Good find no matter the maker.


----------



## Tack Collector (Nov 10, 2009)

Arabian show saddle is what it is. '70s, but hard to say what year. If it was a Billy Royal, that white buckstitching would mean it was made early in the first half of the '70s because after that, they used dark brown buckstitching and stitched everything with dark brown thread. Other brands might have made the older styles into the early '80s.

Brand might be American. Or Buford, or some small regional company. It looks USA-made. The metal lacing on gullet and cantle is most likely stainless steel. The conchos are most likely "German silver" which is nickel, or they are silver-plated. That's not a bad saddle for the right price, but it's an average quality budget or entry level model, and it's construction is probably equivalent to today's High Horse and Tex Tan with the Ralide trees. The tooling is embossed, not hand tooling.

Just for comparison, this is a top quality vintage Circle Y Arabian show saddle with sterling conchos and lacing and hand tooling:








This is a early '70s Billy Royal that has that white buckstitching.

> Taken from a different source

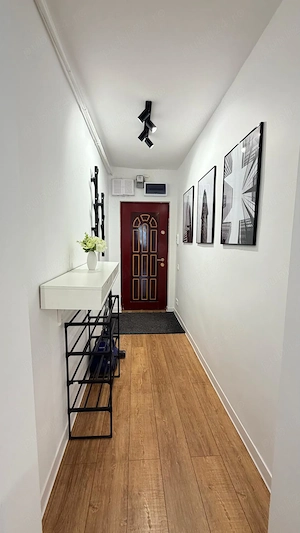  ÎNCHIRIEZ | APARTAMENT 2 CAMERE | Mănăștur - Aleea Clăbucet - Zona Academia de Muzică  | Proprietar - imagine 9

Those '70s saddles and other brands like Victor, Rios, Ryan, Broken Horn, and others, were the top quality show saddles of the day. Saddles like American, lower end Simco, Buford, etc. made less expensive saddles that were more like trail saddles with some silver and some embossing.


This is a modern Dakota Arabian saddle. 









There's nothing wrong with the saddle you have, if you didn't pay too much for it. It would sell for $150 or less or so here, but there are lots of old western saddles to pick from here, too. I'm just pointing out the difference between it and the great old '70s show saddles.


----------



## YellowUnicorn (Oct 31, 2016)

> There's nothing wrong with the saddle you have, if you didn't pay too much for it. It would sell for $150 or less or so here, but there are lots of old western saddles to pick from here, too. I'm just pointing out the difference between it and the great old '70s show saddles.

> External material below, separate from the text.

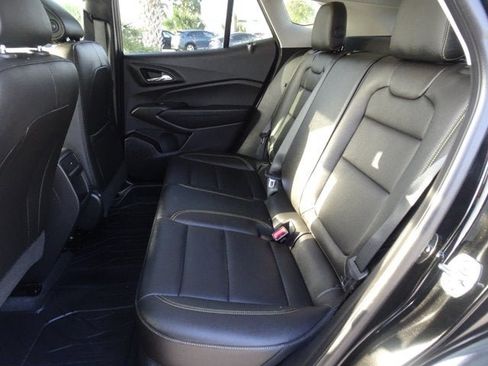 Used 2025 Chevrolet Trax ACTIV w/ Driver Confidence Package FWD image 9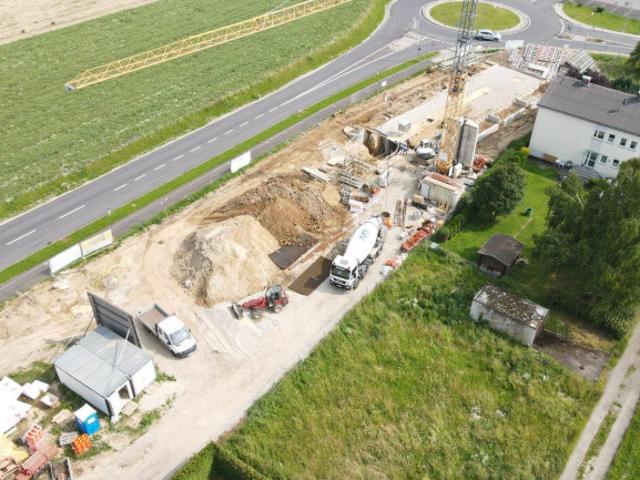 Wohnung kaufen in Simling, Gallneukirchen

I paid $175, but it came with a few other random pieces of tack- a draft horse headstall, a nice dark oil breast collar from the 50's, a set of nicely broken in leather split reins and a pretty vintage black leather headstall with silver on it, which happens to match the saddle nicely. 

For future reference, how would I go about telling if the silver is real or not? I mean, sometimes you can tell just by looking at it, but others it's iffy. Having never owned a saddle with any sort of shiny bits on it I wouldn't know where to start. 

Someone I met who deals with older/vintage saddles said it looked to have been made in the 50's by the type of leather and style. I have zero idea if there's a way to tell by that lol. Whether it was made in the 50's or the 70's doesn't matter much to me, I'm a lover of the unique and weird so this saddle suits me to a T. ??


----------